• [WORK INSTRUCTIONS]:
In exact form, set down only those lines of the material that run from its first line to the line with "SELECT - August", inclusive.

• [DATASET CONTENT]:

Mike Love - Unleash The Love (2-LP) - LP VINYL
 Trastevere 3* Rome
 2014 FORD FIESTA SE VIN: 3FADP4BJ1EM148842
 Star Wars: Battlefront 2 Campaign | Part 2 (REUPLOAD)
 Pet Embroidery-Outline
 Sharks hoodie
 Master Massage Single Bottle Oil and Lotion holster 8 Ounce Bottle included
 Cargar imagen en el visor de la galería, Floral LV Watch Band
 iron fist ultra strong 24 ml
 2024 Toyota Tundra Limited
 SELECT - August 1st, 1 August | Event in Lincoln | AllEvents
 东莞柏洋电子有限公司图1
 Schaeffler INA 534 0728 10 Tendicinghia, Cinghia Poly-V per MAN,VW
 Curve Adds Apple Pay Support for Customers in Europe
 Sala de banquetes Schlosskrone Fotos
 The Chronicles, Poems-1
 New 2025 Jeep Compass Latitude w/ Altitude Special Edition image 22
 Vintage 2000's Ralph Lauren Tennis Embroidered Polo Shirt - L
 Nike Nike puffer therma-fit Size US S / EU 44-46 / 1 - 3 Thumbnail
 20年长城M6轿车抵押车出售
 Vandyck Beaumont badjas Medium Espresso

• [RESPONSE FOR THIS EXERCISE]:
Mike Love - Unleash The Love (2-LP) - LP VINYL
 Trastevere 3* Rome
 2014 FORD FIESTA SE VIN: 3FADP4BJ1EM148842
 Star Wars: Battlefront 2 Campaign | Part 2 (REUPLOAD)
 Pet Embroidery-Outline
 Sharks hoodie
 Master Massage Single Bottle Oil and Lotion holster 8 Ounce Bottle included
 Cargar imagen en el visor de la galería, Floral LV Watch Band
 iron fist ultra strong 24 ml
 2024 Toyota Tundra Limited
 SELECT - August 1st, 1 August | Event in Lincoln | AllEvents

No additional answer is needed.